■ DATASET ENTRIES:
#####

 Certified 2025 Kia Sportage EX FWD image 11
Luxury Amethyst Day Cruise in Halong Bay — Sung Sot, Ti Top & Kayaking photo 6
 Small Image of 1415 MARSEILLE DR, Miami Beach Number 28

#####

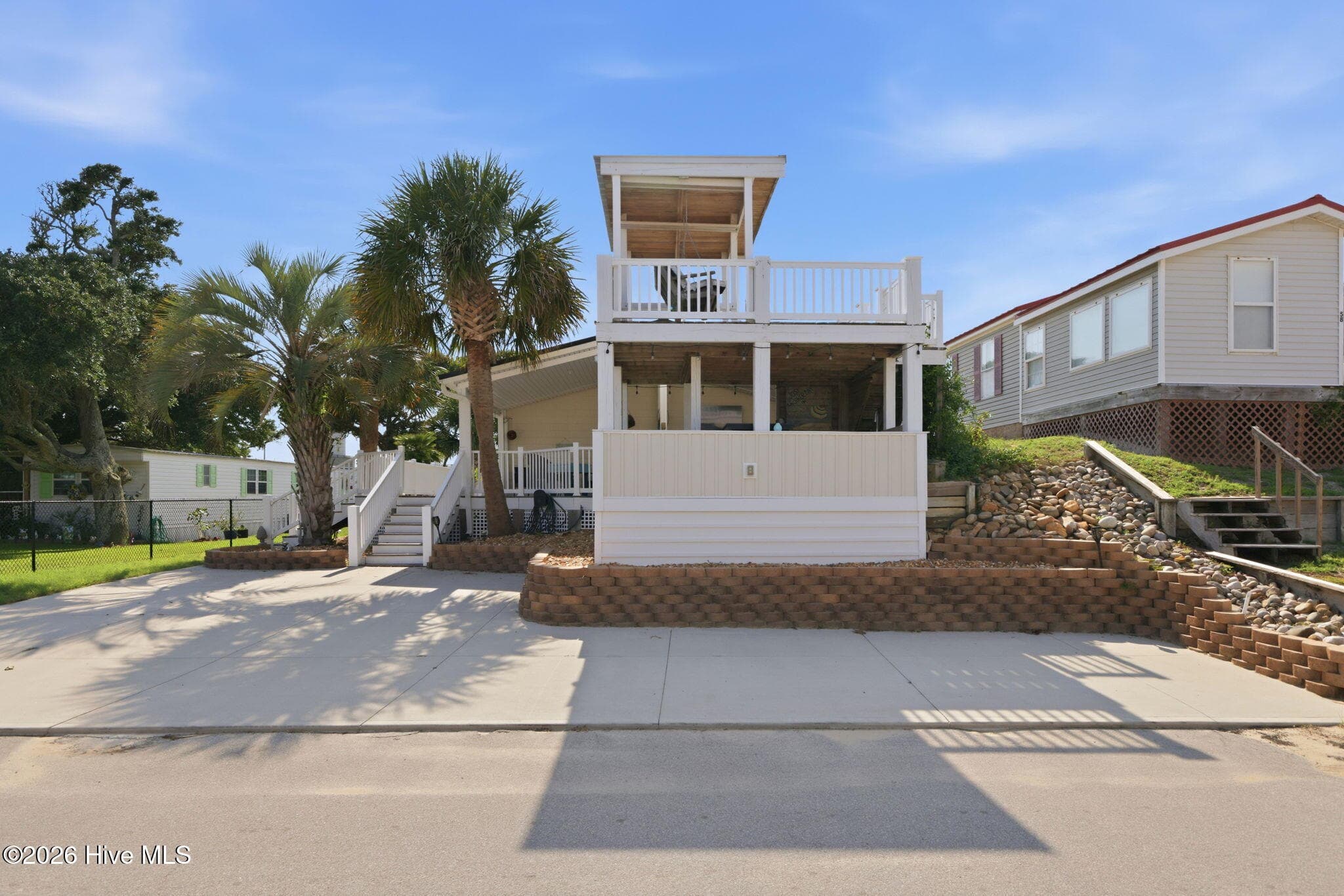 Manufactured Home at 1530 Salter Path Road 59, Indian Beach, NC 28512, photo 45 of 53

#####

■ TASK INSTRUCTIONS: Restate word for word only the lines above from the line containing "Certified 2025 Kia Sportage EX FWD image 11" to the line containing "Small Image of", both of them included.

■ SOLUTION TO THE EXERCISE:
 Certified 2025 Kia Sportage EX FWD image 11
Luxury Amethyst Day Cruise in Halong Bay — Sung Sot, Ti Top & Kayaking photo 6
 Small Image of 1415 MARSEILLE DR, Miami Beach Number 28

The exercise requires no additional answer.